Assigned task
Set down, unchanged, the line holding "Motel 6 Memphis, TN" and all lines that follow it to the end of the material, leaving pictures out.

Dataset content
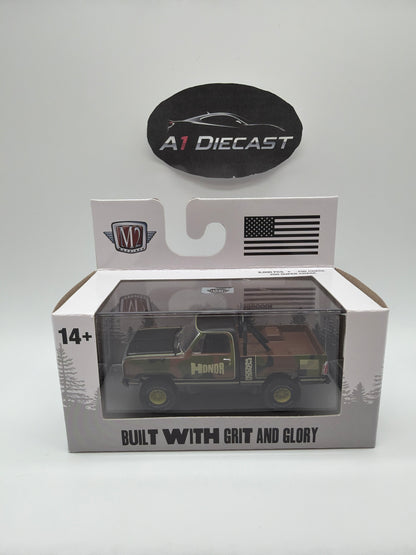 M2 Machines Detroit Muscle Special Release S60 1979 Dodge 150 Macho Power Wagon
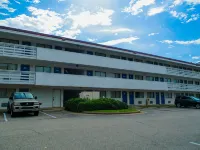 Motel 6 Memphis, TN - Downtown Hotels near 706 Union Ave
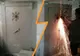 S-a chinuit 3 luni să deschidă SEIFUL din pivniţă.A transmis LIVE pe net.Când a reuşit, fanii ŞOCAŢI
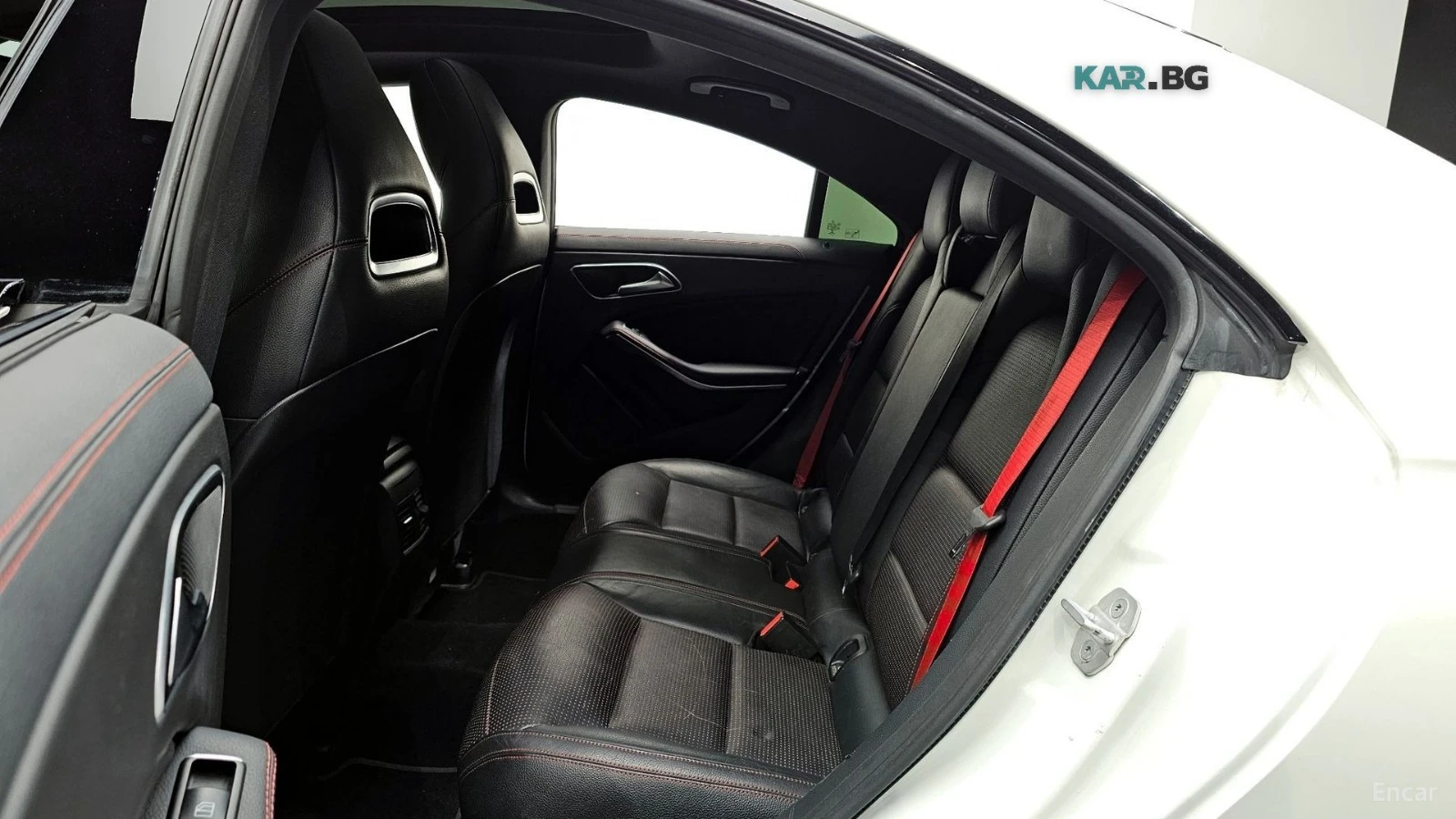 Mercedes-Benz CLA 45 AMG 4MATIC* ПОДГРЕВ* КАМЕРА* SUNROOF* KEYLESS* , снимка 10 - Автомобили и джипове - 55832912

Completed exercise
 Motel 6 Memphis, TN - Downtown Hotels near 706 Union Ave
 S-a chinuit 3 luni să deschidă SEIFUL din pivniţă.A transmis LIVE pe net.Când a reuşit, fanii ŞOCAŢI
 Mercedes-Benz CLA 45 AMG 4MATIC* ПОДГРЕВ* КАМЕРА* SUNROOF* KEYLESS* , снимка 10 - Автомобили и джипове - 55832912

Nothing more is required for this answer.